**DATA SHOWN:**

----------

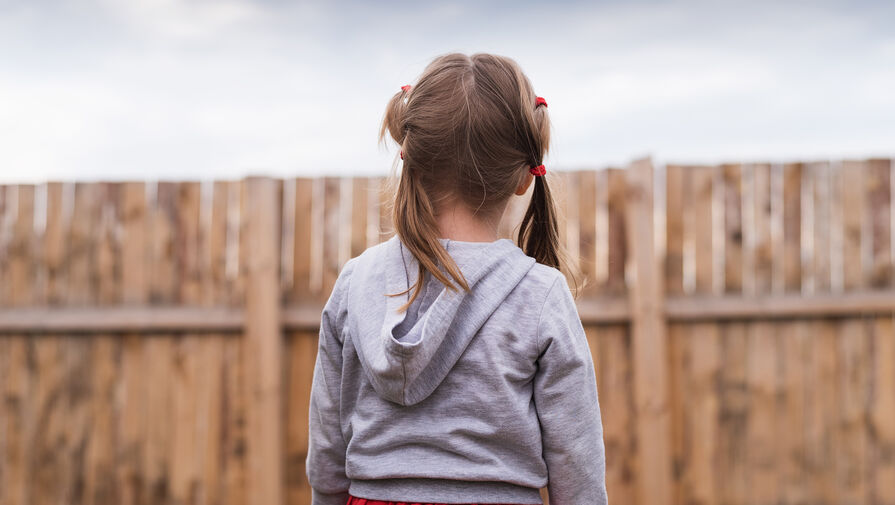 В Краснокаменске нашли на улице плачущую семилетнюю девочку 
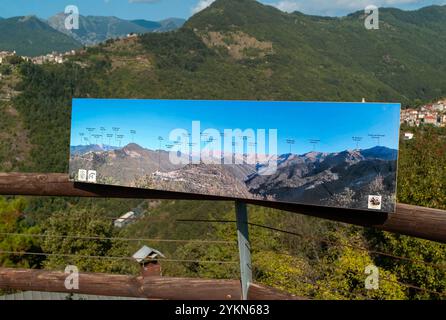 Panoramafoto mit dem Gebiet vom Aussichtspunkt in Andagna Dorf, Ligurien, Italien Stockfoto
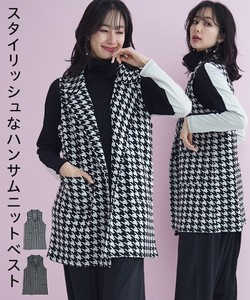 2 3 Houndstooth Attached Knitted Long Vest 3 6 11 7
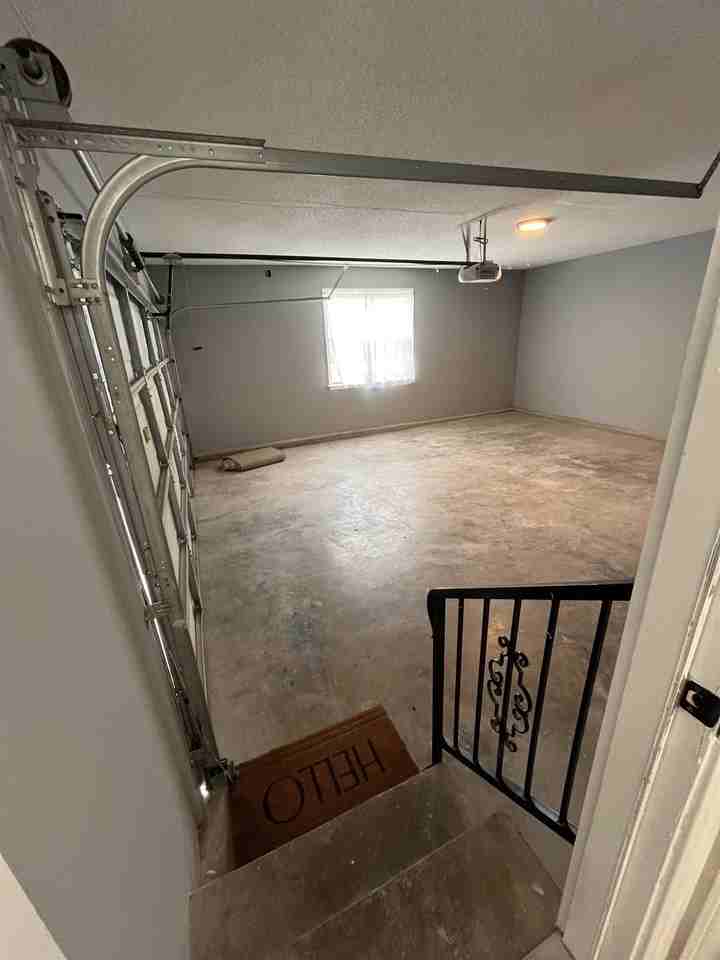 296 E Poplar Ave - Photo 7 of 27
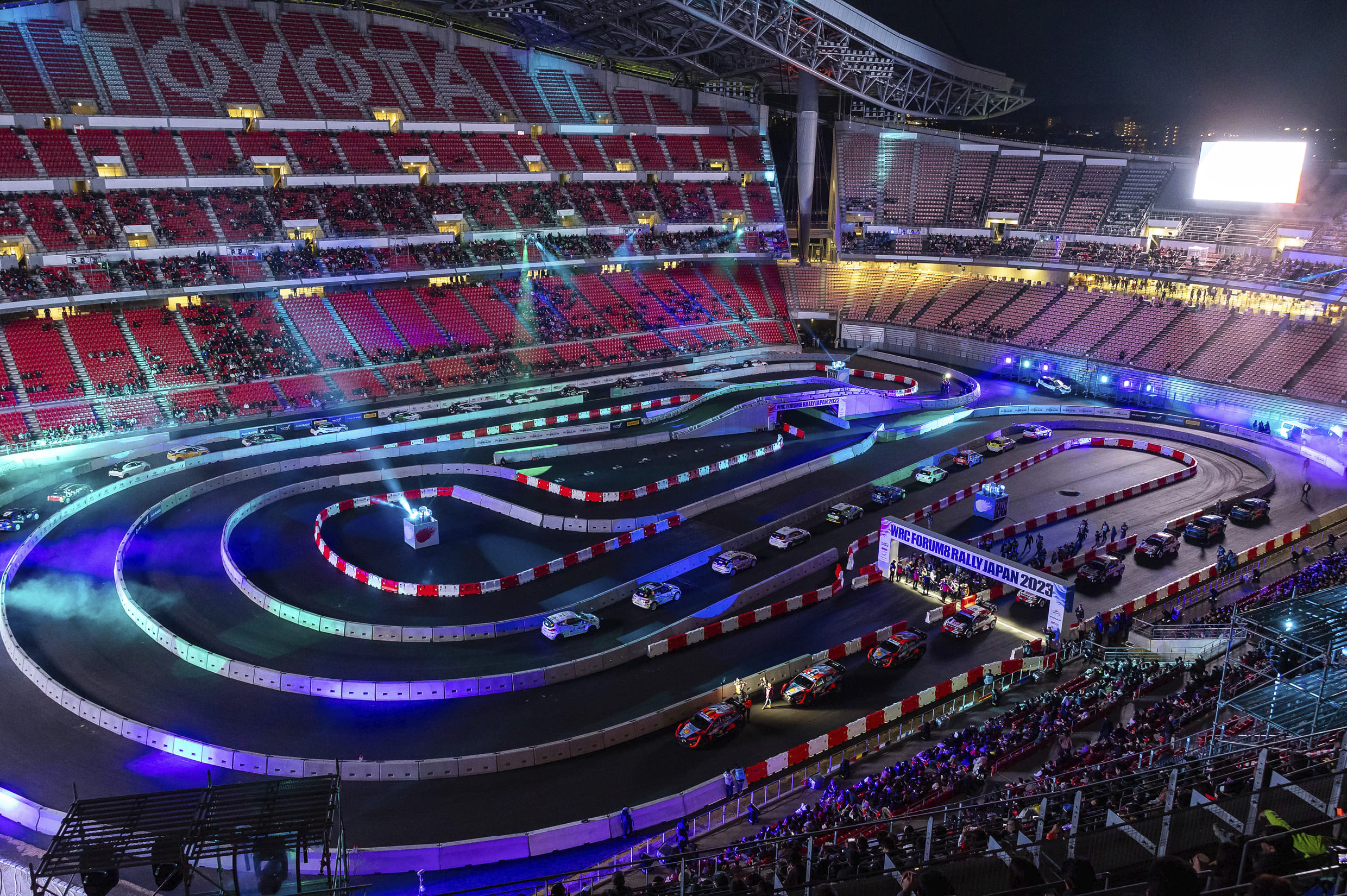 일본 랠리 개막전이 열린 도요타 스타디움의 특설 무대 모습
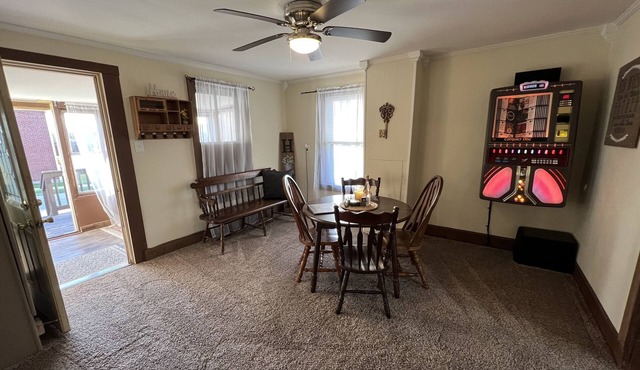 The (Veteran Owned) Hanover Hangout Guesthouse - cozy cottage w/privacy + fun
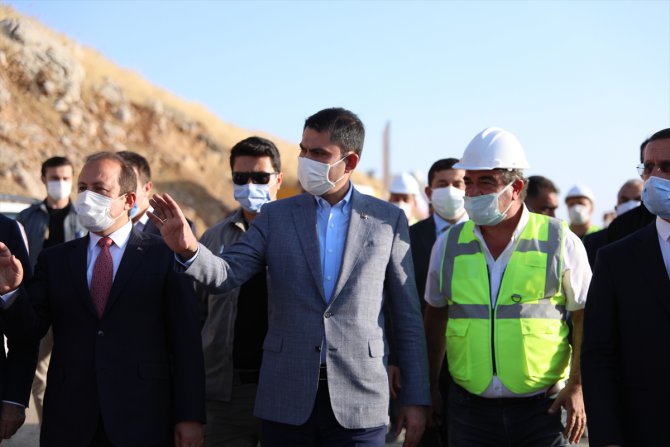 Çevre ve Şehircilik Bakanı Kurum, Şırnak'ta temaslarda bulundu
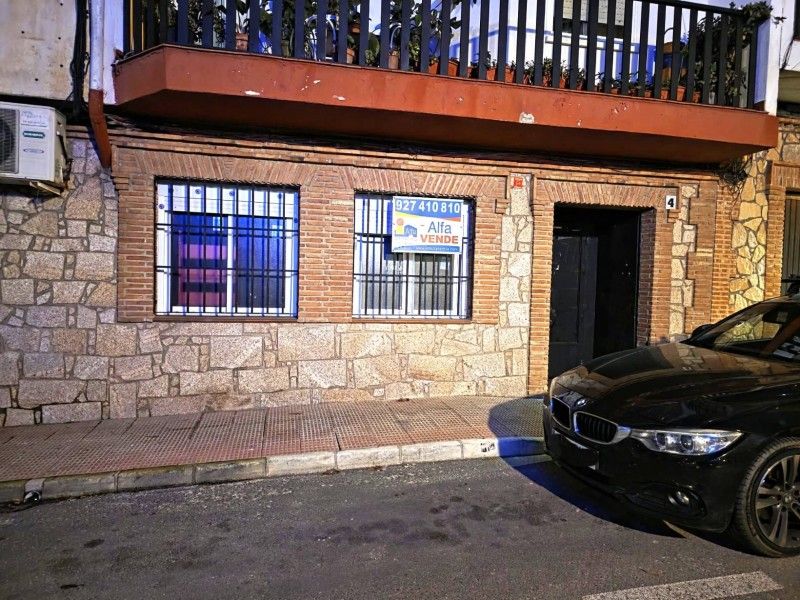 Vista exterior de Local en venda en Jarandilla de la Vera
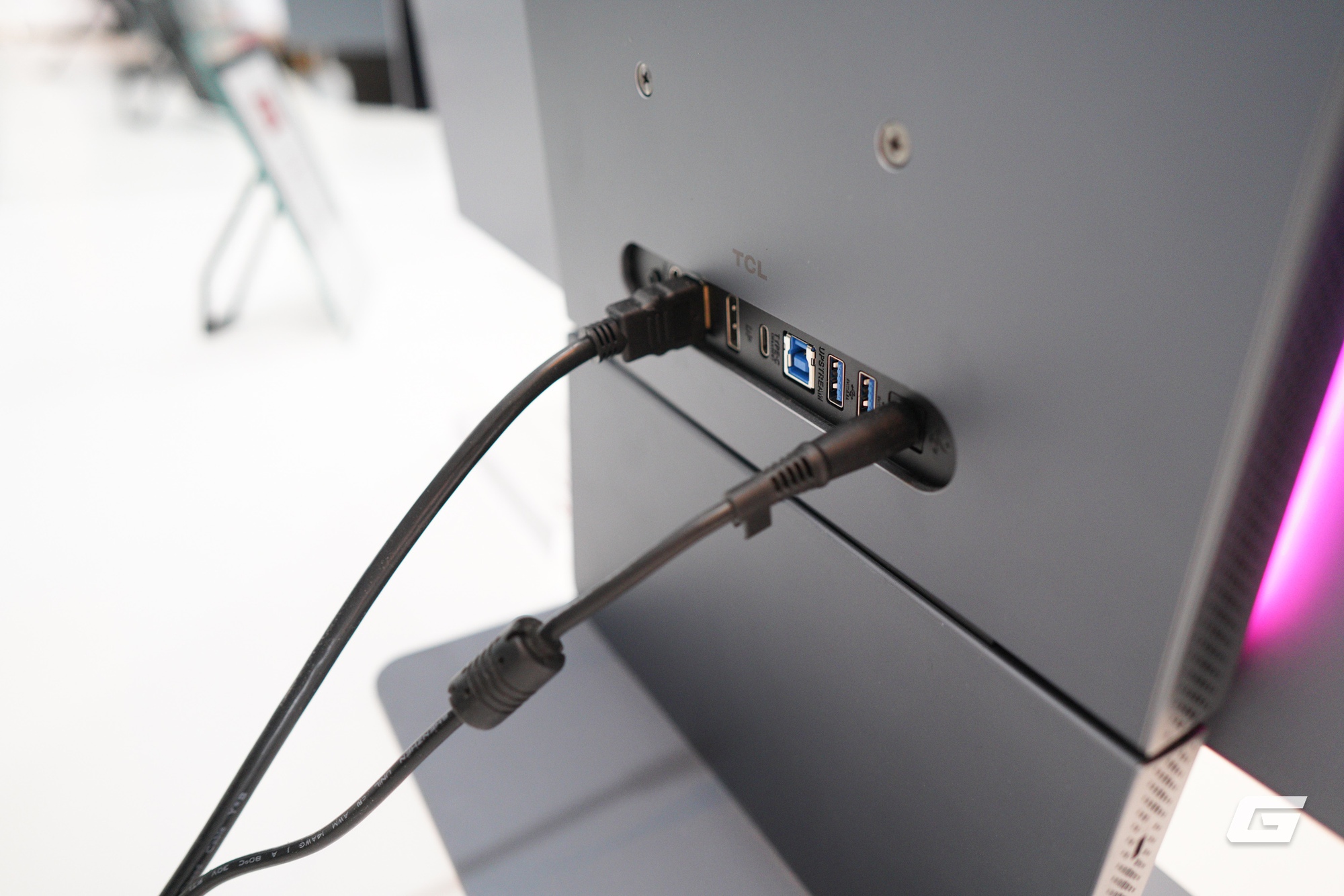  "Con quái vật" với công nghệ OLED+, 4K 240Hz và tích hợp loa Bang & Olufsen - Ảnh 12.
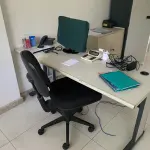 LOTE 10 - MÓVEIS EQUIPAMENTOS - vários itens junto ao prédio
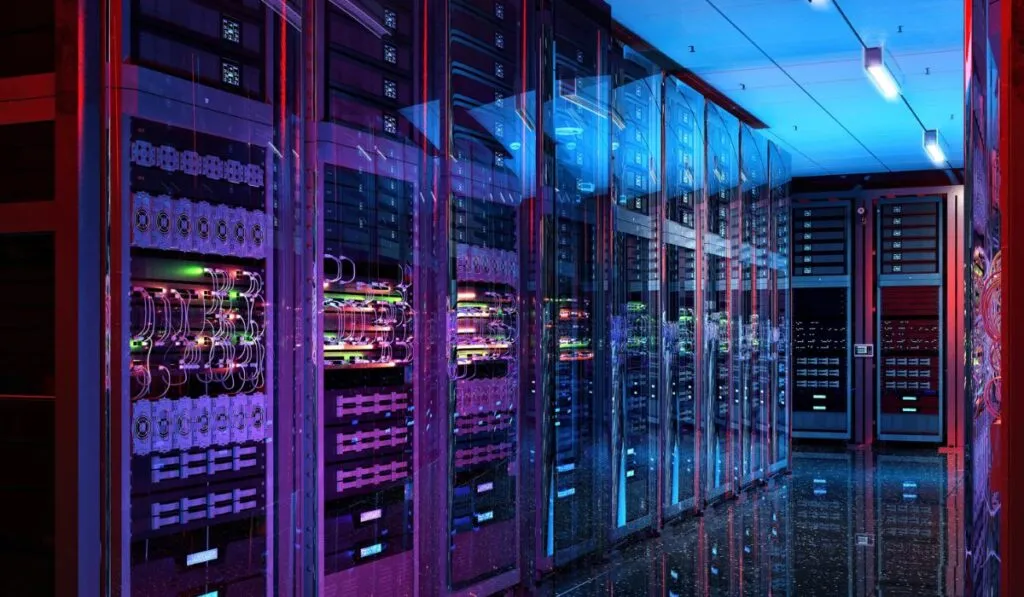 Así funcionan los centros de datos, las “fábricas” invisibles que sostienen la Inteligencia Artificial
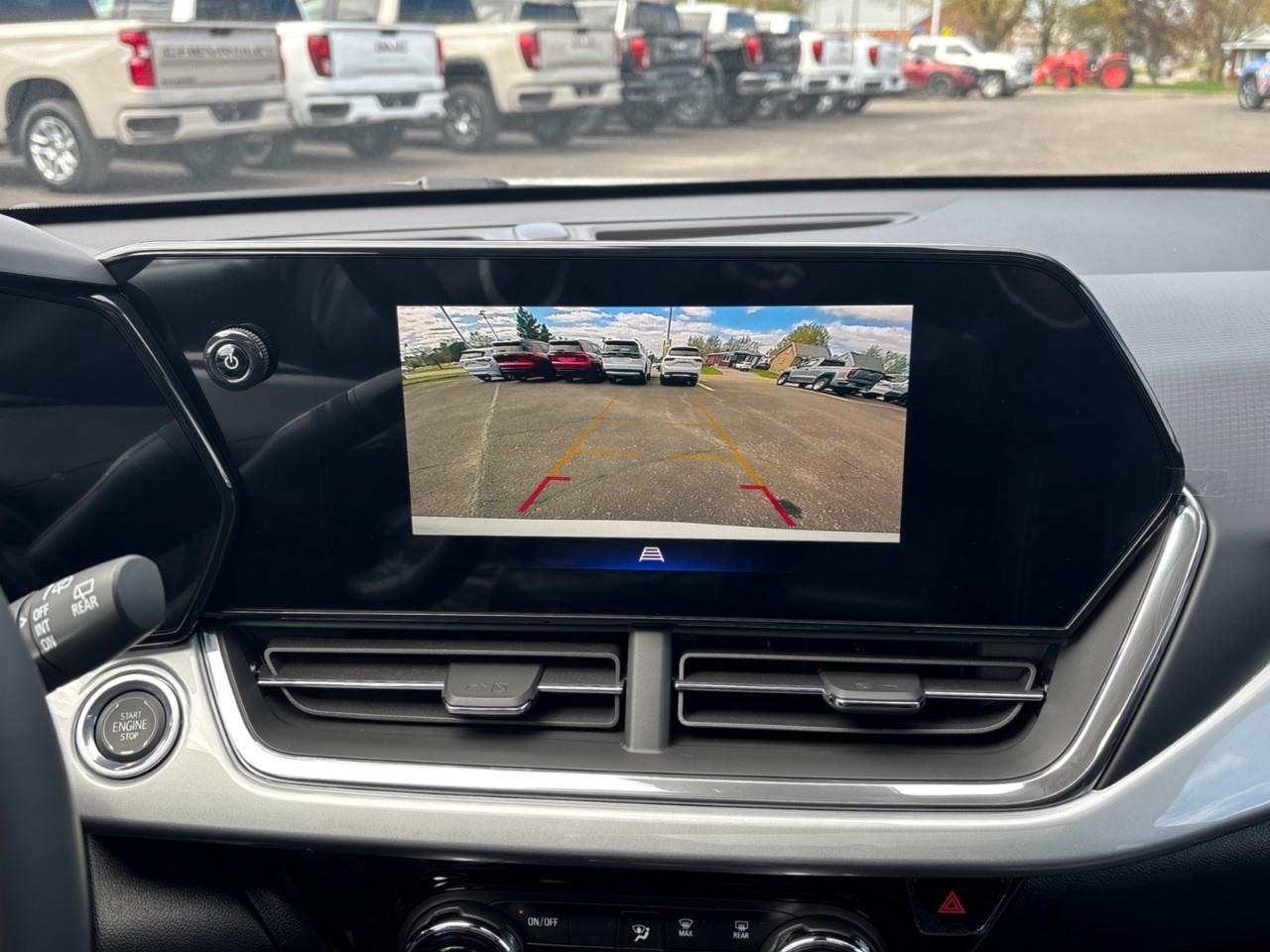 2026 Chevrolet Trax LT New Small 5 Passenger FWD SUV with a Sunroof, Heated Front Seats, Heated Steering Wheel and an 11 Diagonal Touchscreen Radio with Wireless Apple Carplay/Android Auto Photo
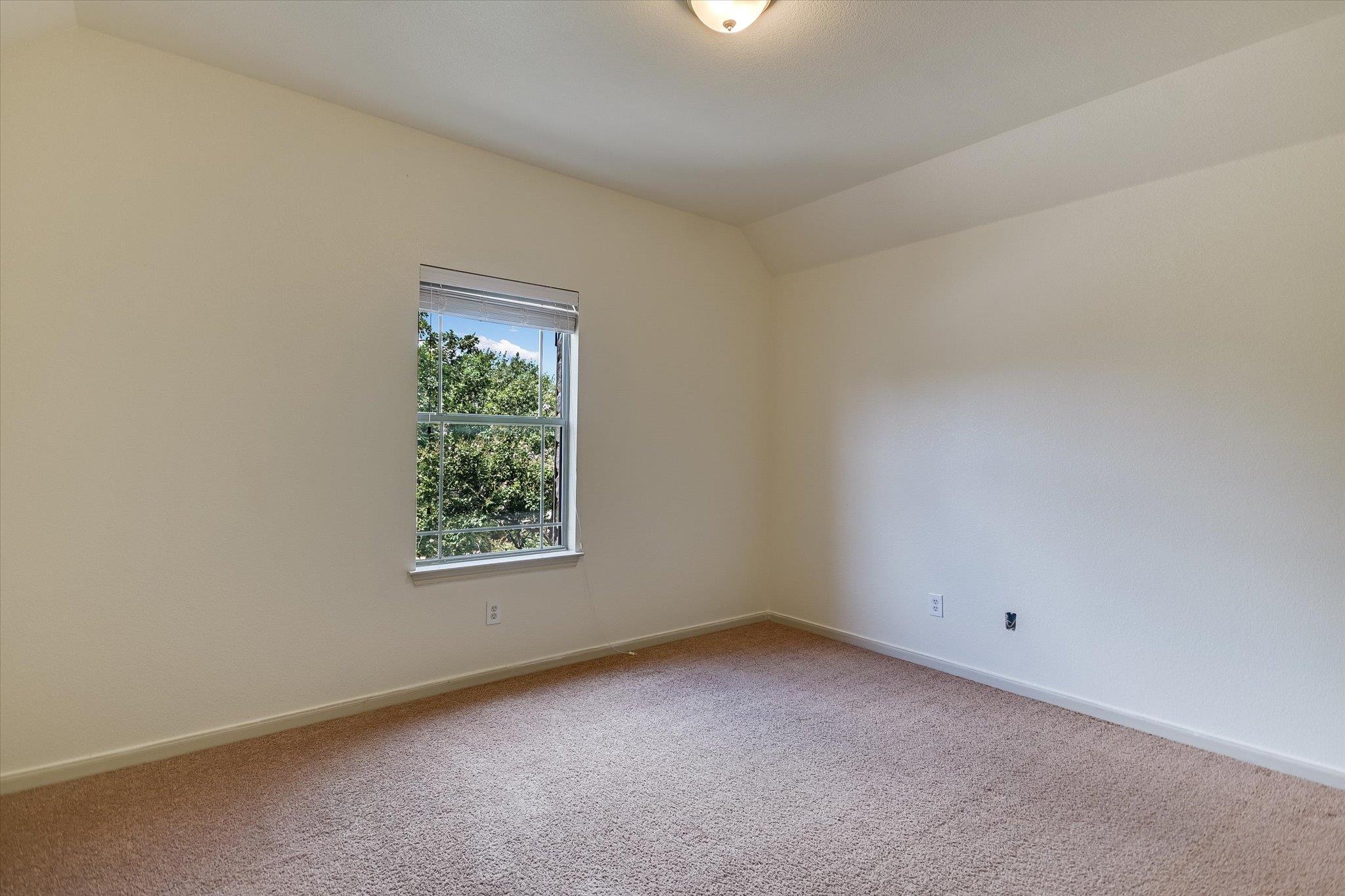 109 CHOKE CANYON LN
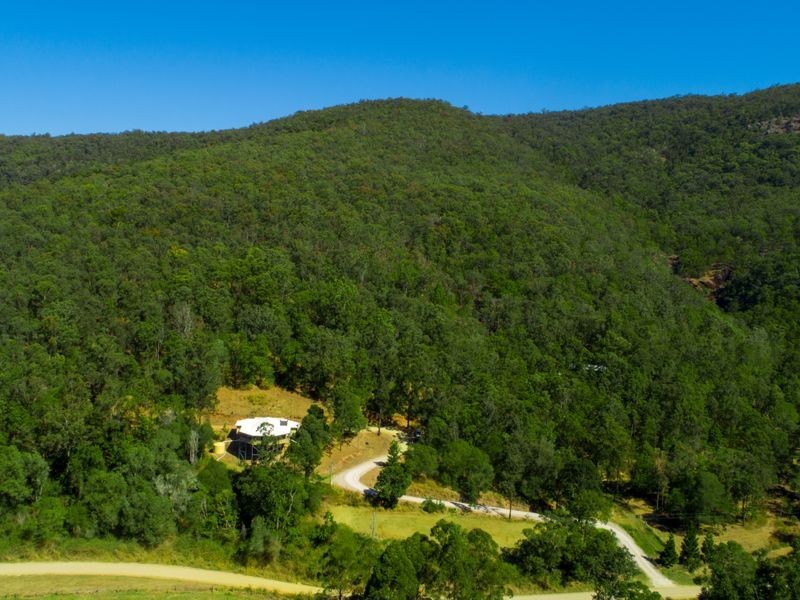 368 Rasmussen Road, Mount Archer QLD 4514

----------

Lines from the one that contains "296 E Poplar Ave - Photo 7 of 27" to the final line of the material are the whole answer. Reproduce them word for word and skip the pictures.

**TASK ANSWER:**
 296 E Poplar Ave - Photo 7 of 27
 일본 랠리 개막전이 열린 도요타 스타디움의 특설 무대 모습
 The (Veteran Owned) Hanover Hangout Guesthouse - cozy cottage w/privacy + fun
 Çevre ve Şehircilik Bakanı Kurum, Şırnak'ta temaslarda bulundu
 Vista exterior de Local en venda en Jarandilla de la Vera
  "Con quái vật" với công nghệ OLED+, 4K 240Hz và tích hợp loa Bang & Olufsen - Ảnh 12.
 LOTE 10 - MÓVEIS EQUIPAMENTOS - vários itens junto ao prédio
 Así funcionan los centros de datos, las “fábricas” invisibles que sostienen la Inteligencia Artificial
 2026 Chevrolet Trax LT New Small 5 Passenger FWD SUV with a Sunroof, Heated Front Seats, Heated Steering Wheel and an 11 Diagonal Touchscreen Radio with Wireless Apple Carplay/Android Auto Photo
 109 CHOKE CANYON LN
 368 Rasmussen Road, Mount Archer QLD 4514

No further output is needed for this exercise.